Monthly Archives: June 2026

Recovering data from a Virtual Box disk when it crashed in a expand operation and from the guest claimed the new disk space and got IO error rc=VERR_OUT_OF_RANGE

I wanted to do a do-release-upgrade to Update from Ubuntu 25.04 to Ubuntu 25.10, but I had almost no space left on the device. I didn’t want to uninstall the snap utilities that were using most of the space after the OS.

I created a video to explain this situation and how to fix it easily.

  • Host OS: Ubuntu 22.04 LTS, 64 GB of RAM
  • Guest OS: Ubuntu 25.04, 12 GB of RAM
  • Guest drive: VMDK of 25GB, Dynamically allocated split in 2 GB files. Using 24.86GB

The problem was that I grow a disk with Virtual Box, from 25GB to 35GB and Virtual Box crashed.

It stayed in an error state, unable to access any configuration after I pressed Refresh, so I had to kill it and restart it.

I tried to expand to 36 and 37 GB with same results.

After restarting Virtual Box it shown the drive as 37 GB, so I guessed that the disk growing may have worked somehow and I tried to use the additional space from the guest VM.

I booted the guest VM with Ubuntu 25.04, sudo swapoff -a and deleted the swap partition with fdisk and I used resize2fs and growpart.

When the gues OS saw the 37GB I attempted the do-release-upgrade and it started to download packages.

But at the point that the original 25GB were exceeded I got a recoverable IO cache error (rc=VERR_OUT_OF_RANGE).

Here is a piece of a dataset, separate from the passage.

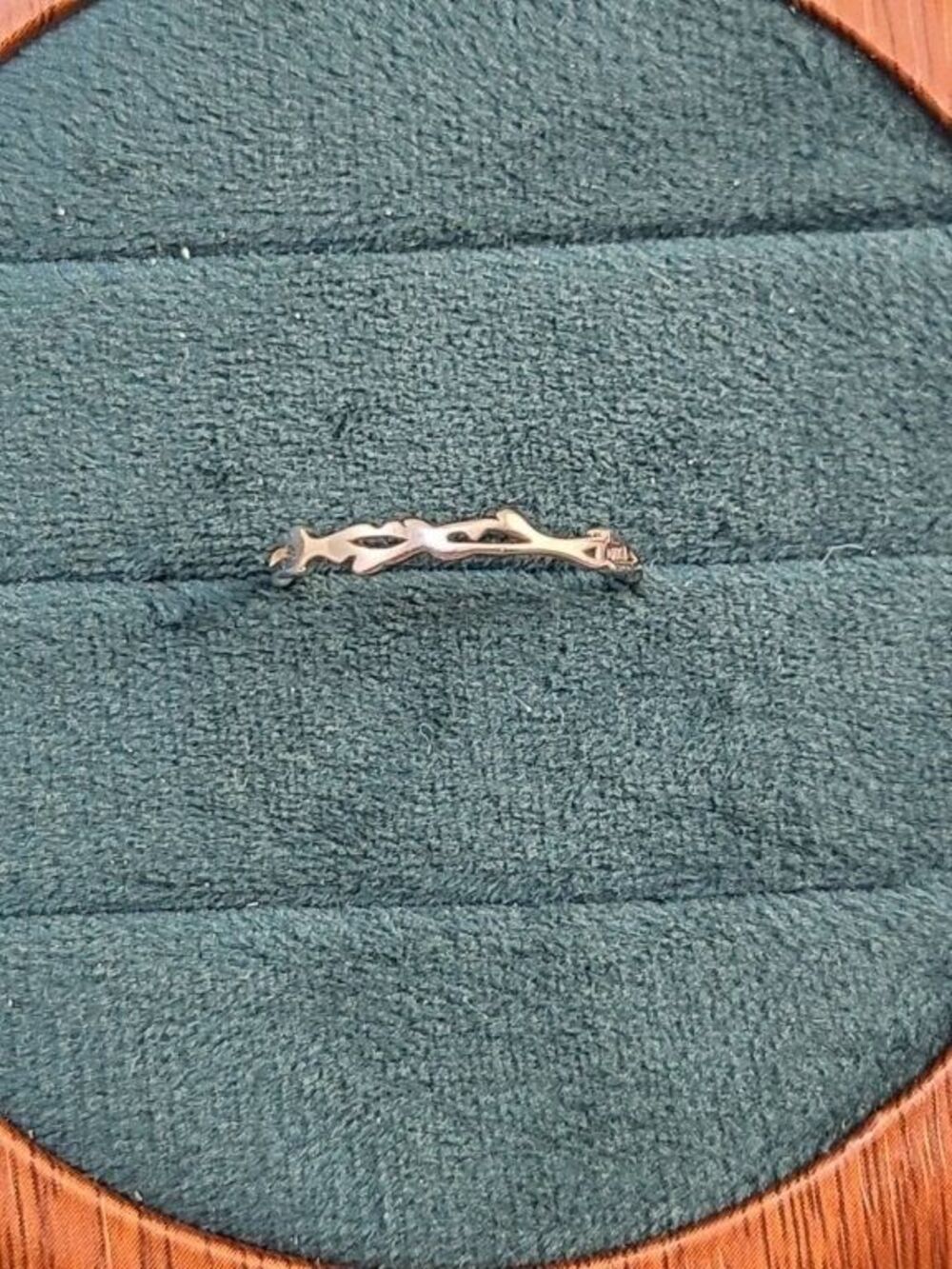 Sterling Silver Twisted Open Band Ring 925 Adjustable Minimalist Size 7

From this point Ubuntu would be unable to complete to boot the guest VM.

I had data that I wanted to recover from the VM, so I tried to recover it, successfully.

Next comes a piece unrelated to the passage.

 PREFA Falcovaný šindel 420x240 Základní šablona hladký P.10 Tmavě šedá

Basically I booted with an Ubuntu 26.04 LTS live ISO, mounted the disk for read, enabled the network and scp my files to another computer.

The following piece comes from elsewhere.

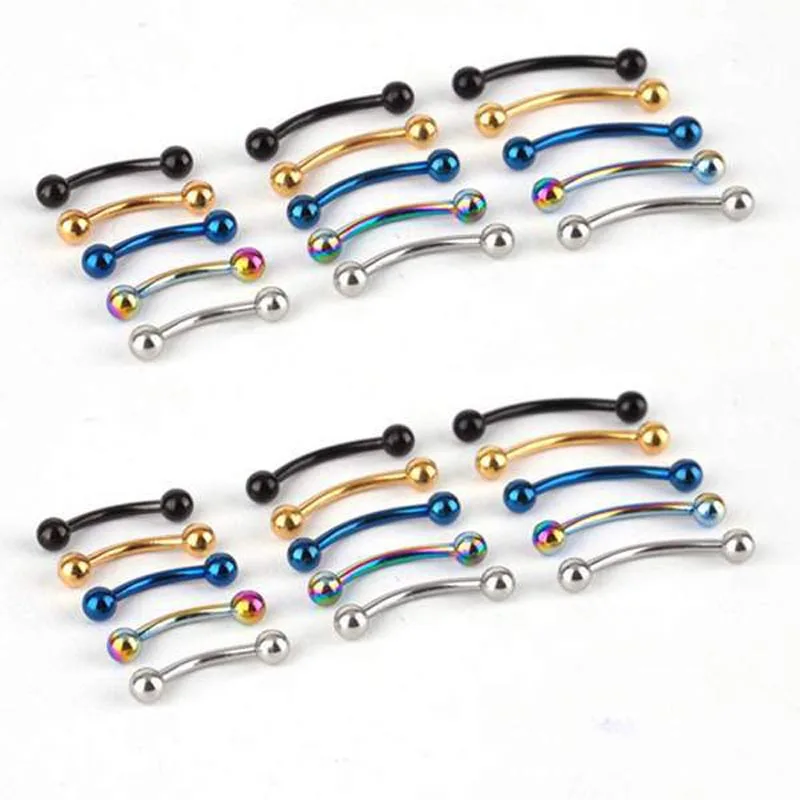 Pinksee 10pcs Stainless Steel Barbell Ball Curved Eyebrow Rings Bar Tragus Ear Piercing Body Jewelry Wholesale пирсинг
Pinksee 10pcs Stainless Steel Barbell Ball Curved Eyebrow Rings Bar Tragus Ear Piercing Body Jewelry Wholesale пирсинг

scp, rsync, sftp… any of those will do the job.

I could also have created a new disk, attach to the guest VM, boot with Ubuntu Live, and copy from the damaged disk to the new one. Then shutdown, attach the new disk to another VM, and copy the data copied to the new disk to the healthy VM.

Or even I could have plugged an USB pendrive, telling VirtualBox to recognise those.

Or use any web drive service.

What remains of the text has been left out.